The Lozarithm Lens

By Lozarithm

Town Gardens, Calne (Tuesday 6th October 2015)

Autumn arrives in the Town Gardens.

L.
15.10.2015 (1255 hr)

Blip #1678 (#1928 including archived blips)
Consecutive Blip #022
Day #2023
LOTD #912 (#1033 including archived blips)

Taken with Panasonic Lumix LX-100

Leaves series
Flora series

Lozarhythm Of The Day:
Billy Joe Royal - Down In The Boondocks (1965)
Billy Joe Royal (vcl), Reggie Young (el gtr), Bill Hullett (ac gtr), Sam Levine (horns), Clayton Ivey (piano), Bob Wray (6-string bass), Greg Morrow (dr)
R.I.P. Billy Joe Royal (3 April 1942, Valdosta GA – 6 October 2015, Morehead City NC)
Billy Joe is best remembered for this song, written and produced by Joe South. "I guess people related to poor people," he said in 1990. "Plus the sound of it was different. We cut it on a three-track machine — the most primitive thing in the world." 'Boondocks' was a disparaging local word for a rural area. American servicemen stationed in the Philippines had borrowed a Tagalog word meaning "mountain, that had come to mean an uncultured or illiterate person from the sticks.
In the UK, sales of the record were lost to a British cover version recorded for the Immediate label by Gregory Phillips, an actor who was in a children's TV drama series.
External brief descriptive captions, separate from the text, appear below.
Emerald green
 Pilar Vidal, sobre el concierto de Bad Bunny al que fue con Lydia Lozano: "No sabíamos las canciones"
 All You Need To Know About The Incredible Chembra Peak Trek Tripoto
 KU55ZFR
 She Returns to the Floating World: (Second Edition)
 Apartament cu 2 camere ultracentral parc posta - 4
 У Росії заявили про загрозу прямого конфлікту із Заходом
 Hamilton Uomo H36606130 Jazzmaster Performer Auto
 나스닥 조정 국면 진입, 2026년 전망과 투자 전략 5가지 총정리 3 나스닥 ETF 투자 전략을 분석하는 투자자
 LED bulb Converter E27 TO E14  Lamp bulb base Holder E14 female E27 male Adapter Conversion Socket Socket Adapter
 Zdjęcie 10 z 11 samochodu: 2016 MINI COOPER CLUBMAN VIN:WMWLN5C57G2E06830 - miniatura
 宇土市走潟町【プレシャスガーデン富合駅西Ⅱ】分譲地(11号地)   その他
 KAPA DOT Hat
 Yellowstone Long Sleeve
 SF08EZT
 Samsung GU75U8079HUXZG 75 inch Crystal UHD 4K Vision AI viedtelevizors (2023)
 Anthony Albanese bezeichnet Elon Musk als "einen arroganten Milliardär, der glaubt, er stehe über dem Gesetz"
The cover was produced by Andrew Loog Oldham with an arrangement by future Led Zepper Jimmy Page. Phillips was the first artist to cover a George Harrison composition, having put Don't Bother Me on his third single, and formed part of the so-called British invasion of the US in the wake of the Beatles, but his singing career quickly petered out.